| Task instructions |
With all pictures excluded, restate the records that follow exactly as written.

Source data START

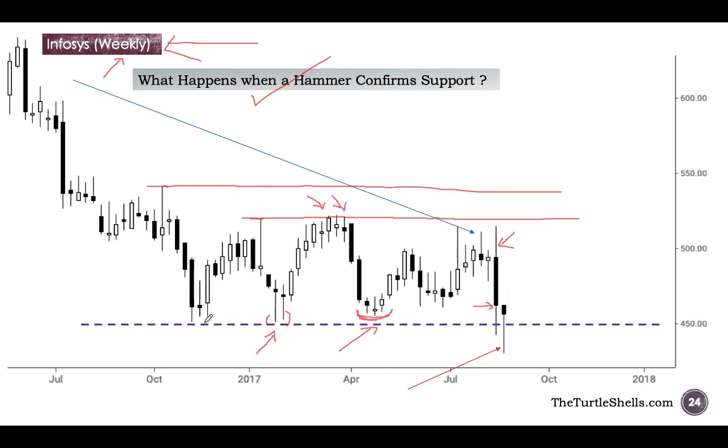This support line still holds, and remember this is a weekly chart. From November 2016 till about September 2017 — that is almost a year — even after a year that purple dotted line is still respected. Look at the precision and power of Japanese candlesticks. The market has a memory, and you have these candlestick patterns here which are respecting prior support.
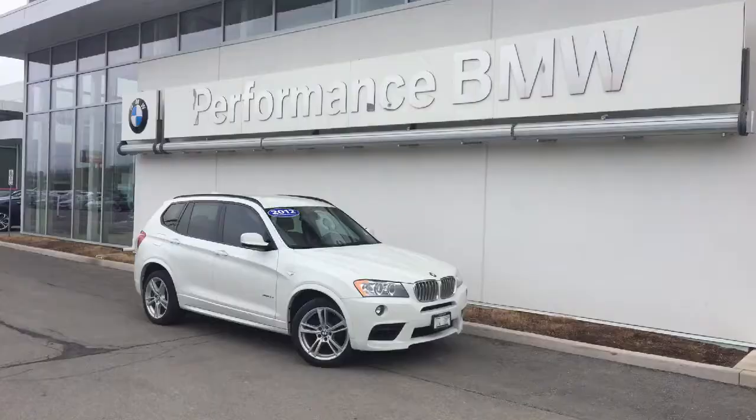Hi Pratt, Adam Flynn here from Performance BMW. I wanted to give you a personal look at the 2012 X3 you were inquiring about. I have it sitting here in front of us. It's a beautiful M Sport package with the 35 engine. It's got lots of features I think you'll like. Let's take a look.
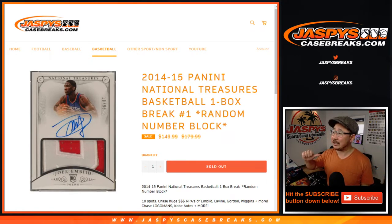Hi everyone, Joe for jaspyscasebreaks.com coming at you with 2014-2015 Panini National Treasures Basketball. One box, random number block break number one.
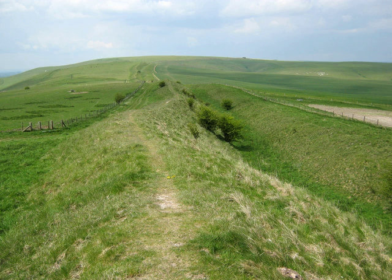West Wantsdyke is also a linear earthwork, running from Moncton Coombe south of Bath to Mays Knoll south of Bristol, but less impressive than its eastern counterpart. The middle section, 22 kilometres long, is sometimes referred to as Mid-Wantsdyke, but is formed by the remains of the London to Bath Roman Road.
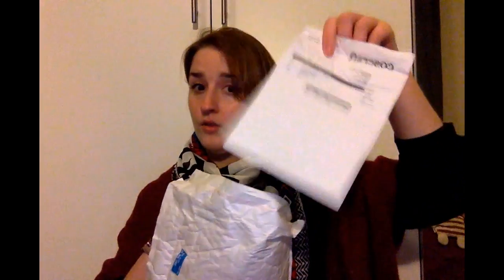I ordered it — I think it was on Saturday or Sunday evening — and today it's Thursday and it's already here. It's like a giant bubble wrap. Oh, invoice!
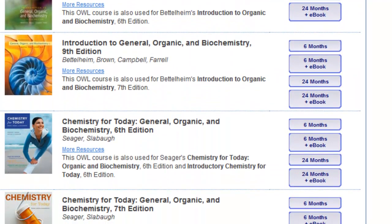OWL is going to be based on the 9th edition of the Bettelheim Brown Campbell General Organic Biochemistry book. Purchase the 6-month access code.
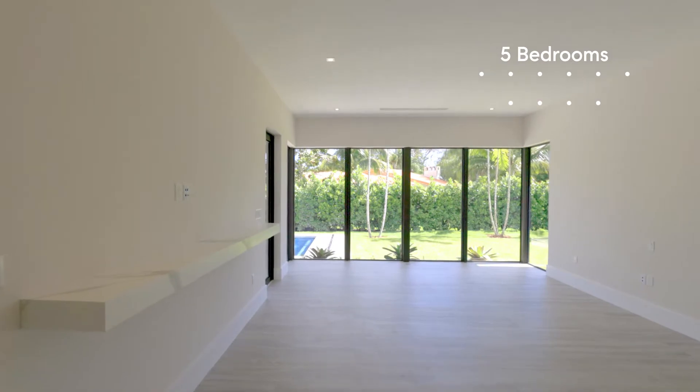The master bedroom has this unique glass wall with views of your backyard and a lot of natural light coming in.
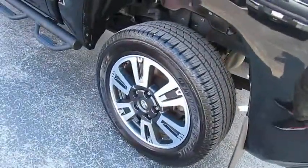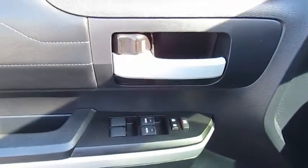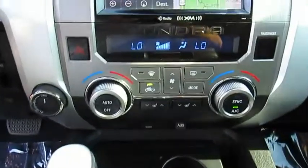Included as standard are vehicle stability control, traction control, electronic brake force distribution, anti-lock brakes, and tailgate assist. With a towing capacity of up to 10,000 plus pounds and a payload capacity of over 2,000 pounds, the Tundra is the perfect mix of power and efficiency.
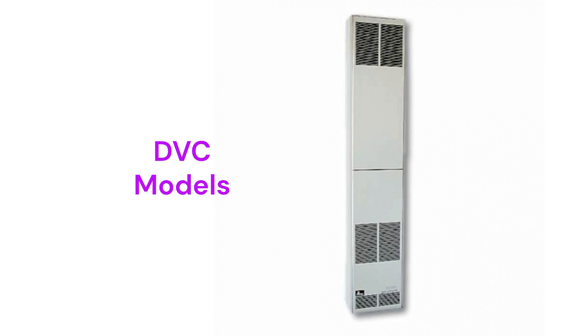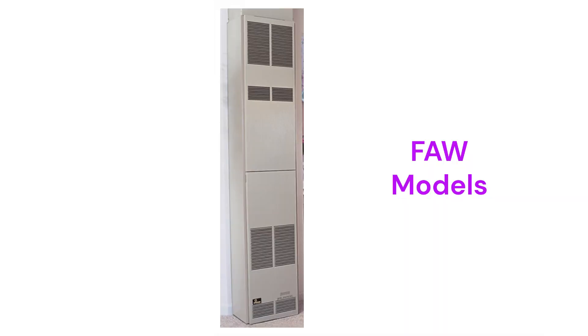The DV models must be installed on an exterior wall while the FAW models can be installed on any wall of the home. They are vented furnaces and offer both standing pilot systems or electronic ignition, but the standing pilot units are not recommended.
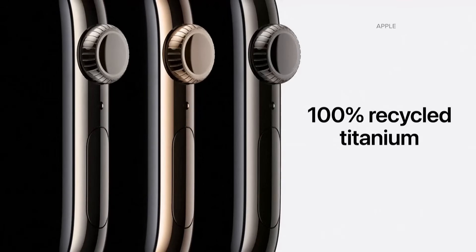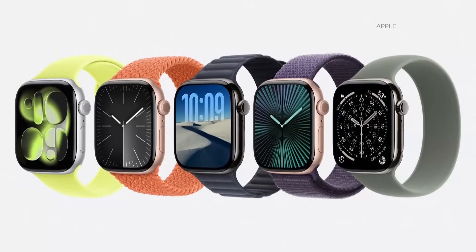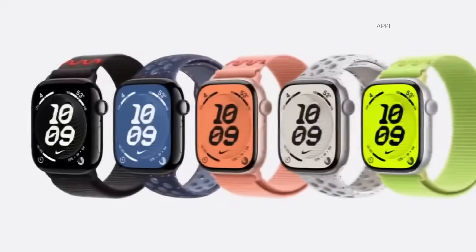If you wear an Apple Watch, like so many of us do, you will start getting alerts about high blood pressure in the near future. On Thursday, the FDA gave Apple the green light for a hypertension monitor in smartwatches.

Source data END

| Written response |
This support line still holds, and remember this is a weekly chart. From November 2016 till about September 2017 — that is almost a year — even after a year that purple dotted line is still respected. Look at the precision and power of Japanese candlesticks. The market has a memory, and you have these candlestick patterns here which are respecting prior support.
Hi Pratt, Adam Flynn here from Performance BMW. I wanted to give you a personal look at the 2012 X3 you were inquiring about. I have it sitting here in front of us. It's a beautiful M Sport package with the 35 engine. It's got lots of features I think you'll like. Let's take a look.
Hi everyone, Joe for jaspyscasebreaks.com coming at you with 2014-2015 Panini National Treasures Basketball. One box, random number block break number one.
West Wantsdyke is also a linear earthwork, running from Moncton Coombe south of Bath to Mays Knoll south of Bristol, but less impressive than its eastern counterpart. The middle section, 22 kilometres long, is sometimes referred to as Mid-Wantsdyke, but is formed by the remains of the London to Bath Roman Road.
I ordered it — I think it was on Saturday or Sunday evening — and today it's Thursday and it's already here. It's like a giant bubble wrap. Oh, invoice!
OWL is going to be based on the 9th edition of the Bettelheim Brown Campbell General Organic Biochemistry book. Purchase the 6-month access code.
The master bedroom has this unique glass wall with views of your backyard and a lot of natural light coming in.
Included as standard are vehicle stability control, traction control, electronic brake force distribution, anti-lock brakes, and tailgate assist. With a towing capacity of up to 10,000 plus pounds and a payload capacity of over 2,000 pounds, the Tundra is the perfect mix of power and efficiency.
The DV models must be installed on an exterior wall while the FAW models can be installed on any wall of the home. They are vented furnaces and offer both standing pilot systems or electronic ignition, but the standing pilot units are not recommended.
If you wear an Apple Watch, like so many of us do, you will start getting alerts about high blood pressure in the near future. On Thursday, the FDA gave Apple the green light for a hypertension monitor in smartwatches.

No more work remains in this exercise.